STORED DATA:
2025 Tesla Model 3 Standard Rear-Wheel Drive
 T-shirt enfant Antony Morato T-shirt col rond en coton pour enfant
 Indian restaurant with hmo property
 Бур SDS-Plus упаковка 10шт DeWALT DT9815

AIM OF THE EXERCISE: Those lines from the one with "T-shirt enfant Antony" through the last line of the material above are to be retyped exactly, with nothing else.

TASK RESULT:
 T-shirt enfant Antony Morato T-shirt col rond en coton pour enfant
 Indian restaurant with hmo property
 Бур SDS-Plus упаковка 10шт DeWALT DT9815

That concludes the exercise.